REPUBLIKA.CO.ID, JAKARTA -- Kepolisian menyatakan akan mengusut secara penuh kasus pembakaran bendera hitam bertuliskan lafadz Tauhid pada acara Peringatan Hari Santri Nasional di Garut, Senin (22/10) lalu. Pengunggah pertama video pembakaran itu pun dicari oleh pihak kepolisian.
"Direktorat Tindak Pidana Siber melakukan investigasi siapa peng-upload (pengunggah) pertama," kata Kepala Badan Reserse dan Kriminal Polri Komisaris Jenderal Polisi Arief Sulistyanto di Mabes Polri, Jakarta, Jumat (26/10).
Arief mengatakan, video ini menimbulkan silang pendapat di media massa maupun media sosial yang akhirnya menjadi perdebatan di lingkup publik. Keadaan ini kemudian menimbulkan upaya di media sosial untuk mobilisasi massa gerakan menyikapi pembakaran tersebut.
"Ini jelas tidak menguntungkan dari aspek keamanan dan ketertiban masyarakat," kata Arief. Ia juga meminta agar adanya mobilisasi massa dihentikan demi kedamaian dan kondusivitas masyarakat.
Terkait kasus pembakaran sendiri, kepolisian mengaku telah melakukan pemeriksaan secara menyeluruh mulai dari perencanaan acara Hari Santri Nasional di Garut hingga terjadinya insiden pembakaran bendera pada saat acara tersebut usai, Senin (22/10) lalu. Polisi menyatakan tidak ada unsur pidana dalam pembakaran itu.
Tidak adanya unsur pidana, karena polisi menyebut pelaku tidak memiliki niat jahat yang dilakukan pelaku. Pelaku membakar bendera karena menganggap bendera hitam bertuliskan lafadz Tauhid itu sebagai bendera Hizbut Thahrir Indonesia (HTI), organisasi terlarang UU.
Sedangkan seorang pembawa bendera, Uus Sukmana (34 tahun) menjadi incaran pendalaman oleh pihak kepolisian. Pasalnya, aturan acara Hari Santri Nasional di Garut itu tidak memperolehkan adanya bendera selain merah putih.

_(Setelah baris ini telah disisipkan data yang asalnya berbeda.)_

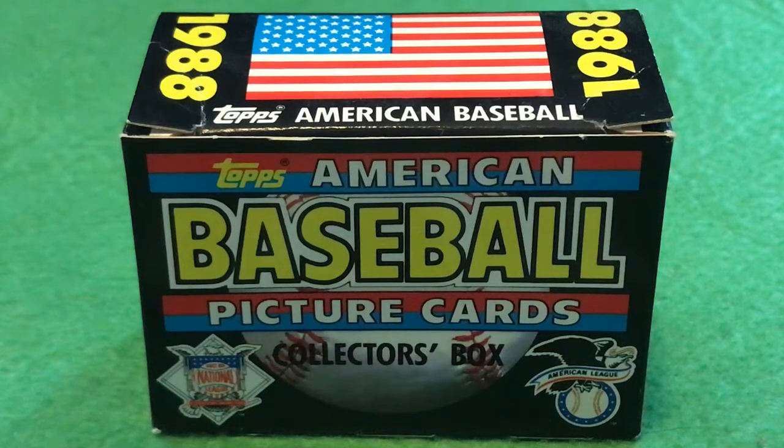Welcome to the latest Wax Ecstatic Break. I'm your host Matt Salmon, and boy do we have a wonderful patriotic product to share with you this week. The 4th of July weekend is coming up, and our next podcast is this Friday the 3rd of July. So what better on the most patriotic weekend in the United States of America than American baseball cards? Look at this - 1988 Topps American baseball picture cards.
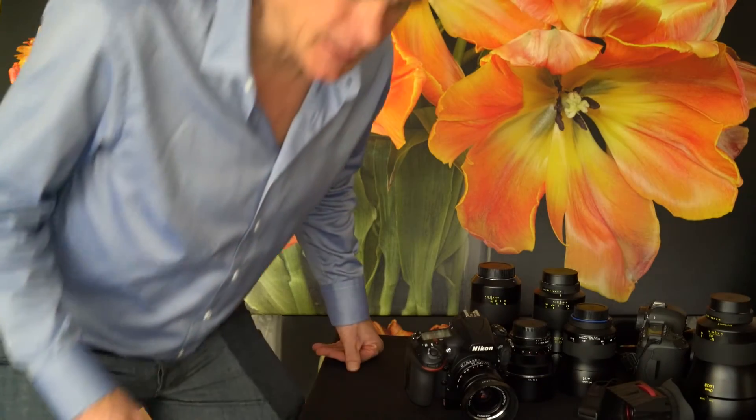Hi, this is Lloyd Chambers at Digiloid.com. I've worked with Zeiss Manuofocus lenses for Canon and Nikon for about eight or nine years. I've made every mistake I can make and I understand these lenses extremely well. I have a guide to Zeiss on my website. I wanted to discuss some of the common misconceptions about lens performance.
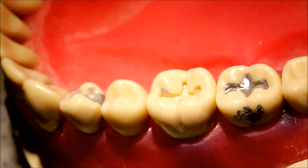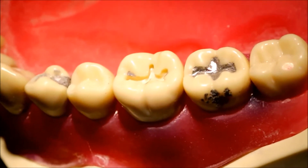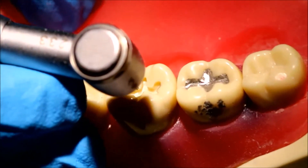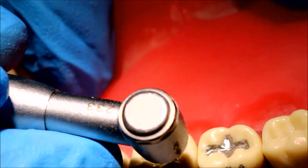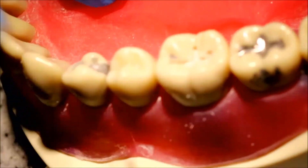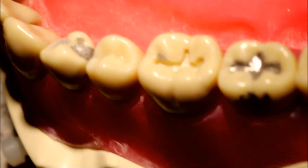At this point your prep should be more or less finished, but let's take a closer look for any problems. I noticed that in one part I did not have enough depth — this is very common especially around the outermost parts of your groove extensions. So I'm going to take my 34 and drill mainly at the ends of those extensions to ensure that I have 1.5 millimeters right at the groove extensions.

"Tindakan pembakaran ini karena adanya seseorang yang mengibarkan di upacara resmi di hari santri itu. Kalau seandainya saudara Uus ini tidak mengibarkan maka tidak akan terjadi pembakaran," kata Arief.
Uus belum ditetapkan sebagai tersangka. Namun Uus bisa terancam pasal 174 KUHP tentang mengganggu rapat umum dengan ancaman maksimal hukuman penjara selama tiga pekan.